Par Calixte Baniafouna
Il y a près de huit mois, la France installait au prix de la sueur, des larmes et du sang des Ivoiriens un président de la Communauté internationale en Côte d’Ivoire. Et depuis, celui-ci a beaucoup de mal à convaincre les Ivoiriens, la France souteneuse et la Communauté internationale bénéficiaire de la Démocratie coloniale française (titre de mon livre à paraître très bientôt) de ses capacités à réconcilier et à unifier les Ivoiriens pour la relance du pays sur de bonnes bases. Coupable désigné à cette incapacité : l’ombre de Laurent Gbagbo en territoire ivoirien. Il faut donc s’en débarrasser.
Deux éventualités se sont alors offertes à la France : soit l’élimination physique (comme en Libye), soit l’éloignement du « coupable désigné » pour le faire oublier aussi bien de ceux qui seraient encore tentés de fonder en lui un espoir (et ils sont d’une majorité écrasante dans son pays) que de ses détracteurs qui ont visiblement du mal à réaliser qu’un homme supplicié à ce point ne parvienne toujours pas à s’abdiquer de ses inflexibles convictions.

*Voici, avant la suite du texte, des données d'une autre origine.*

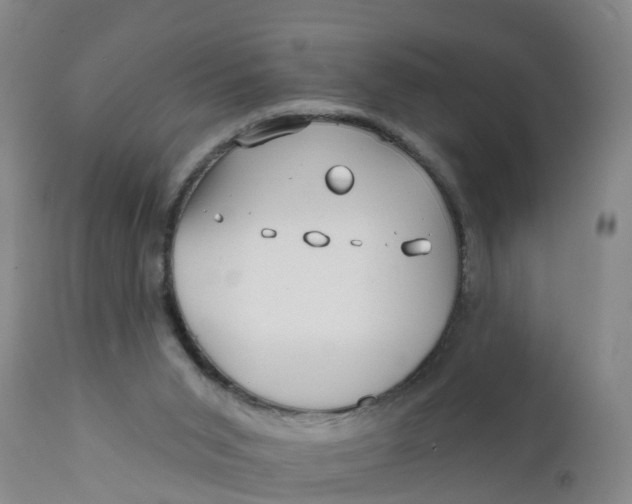 X0000111790015200908131423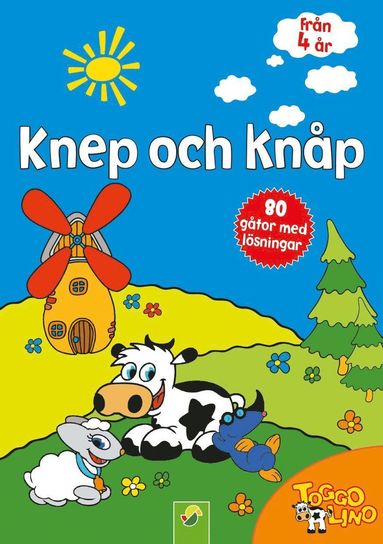 Knep och knåp : 80 gåtor med lösningar (blå) (inbunden)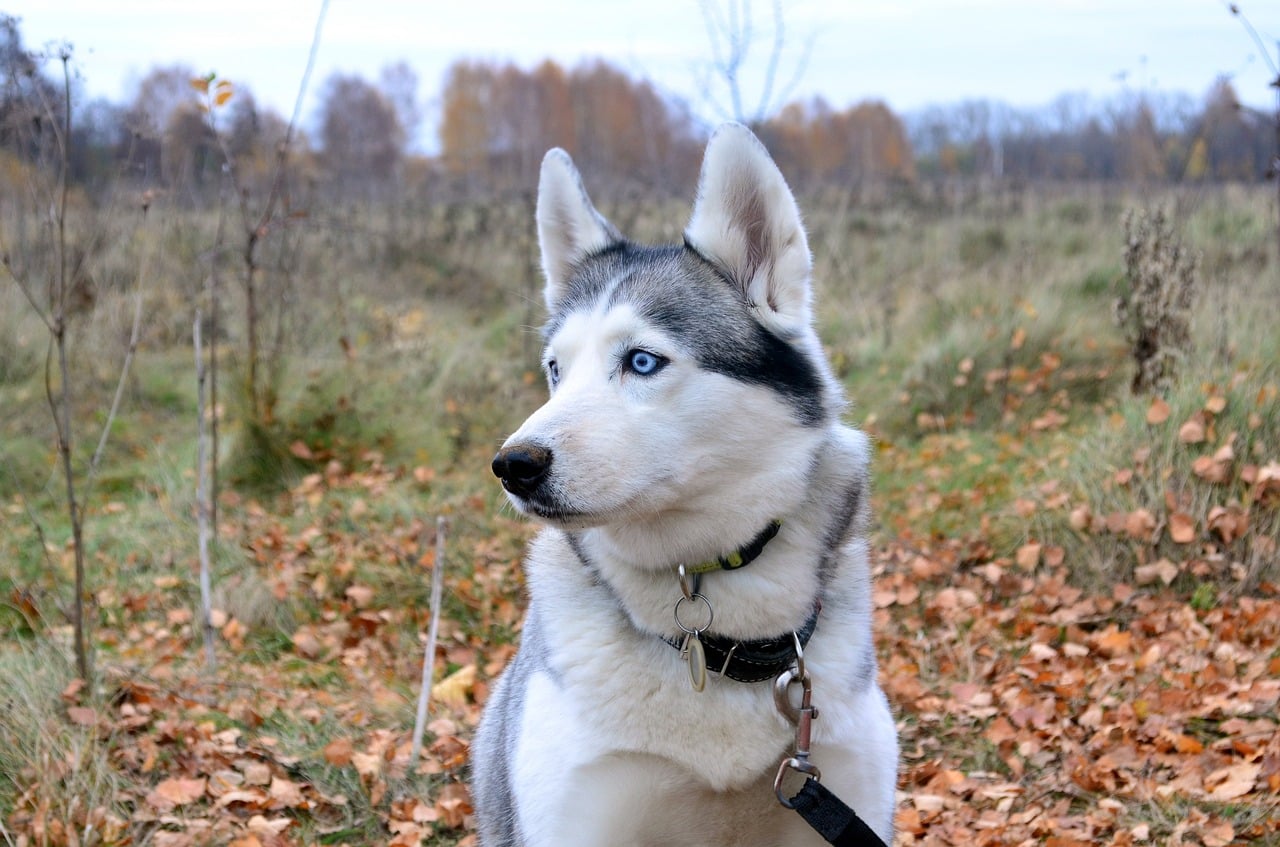 husky 4068047 1280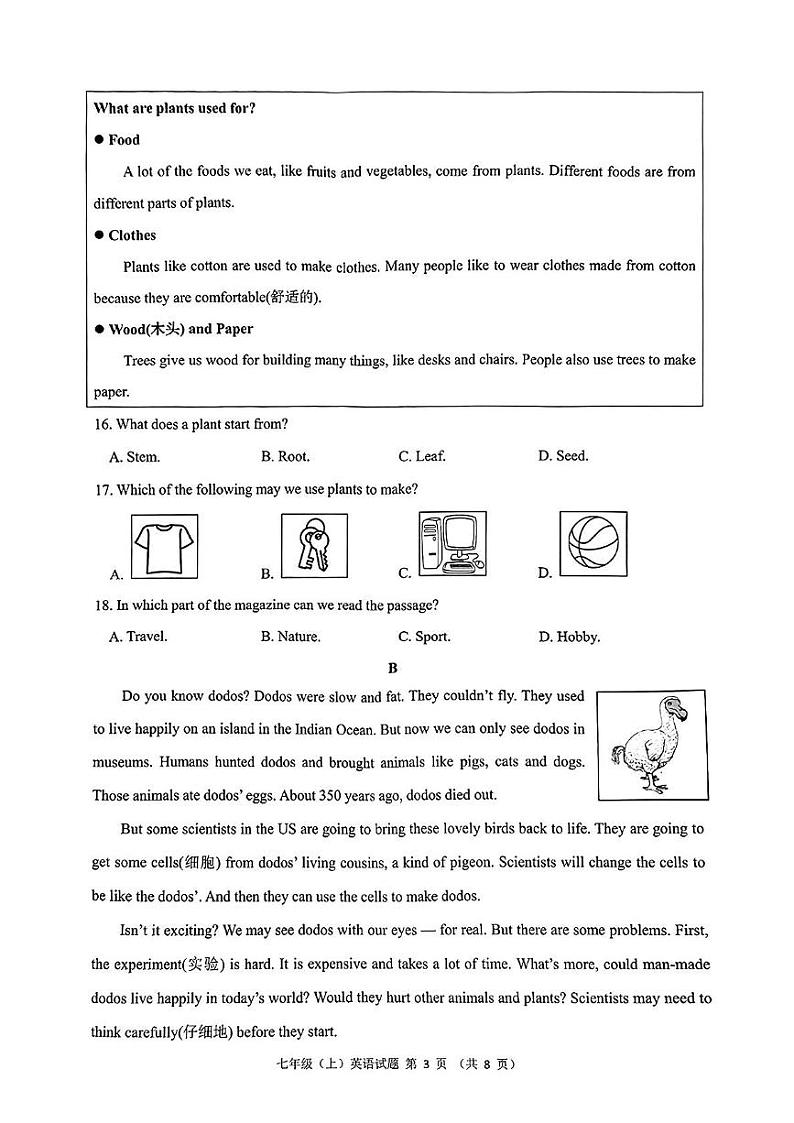 浙江省温州市乐清市2024-2025学年七年级上学期期末英语试题第3页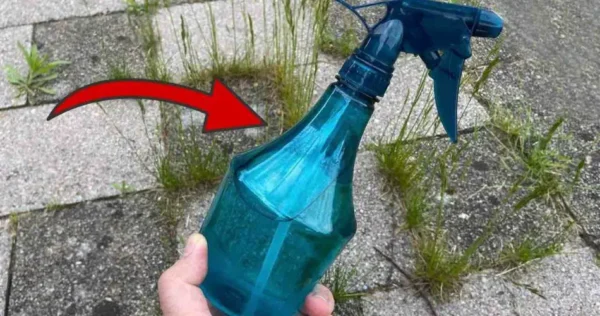 Ervas daninhas e musgo no jardim, basta borrifar para eliminá-los permanentemente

L’élimination physique de Gbagbo replongerait le pays dans une barbarie encore plus dramatique que même les bombes coloniales de Nicolas Sarkozy ou celles du Coréen Ban-Ki-Moon auraient du mal à contenir : ce serait le génocide à la rwandaise. Le choix français est donc fait : éloigner Gbagbo de la Côte d’Ivoire pour la Cour pénale internationale (CPI) à La Haye.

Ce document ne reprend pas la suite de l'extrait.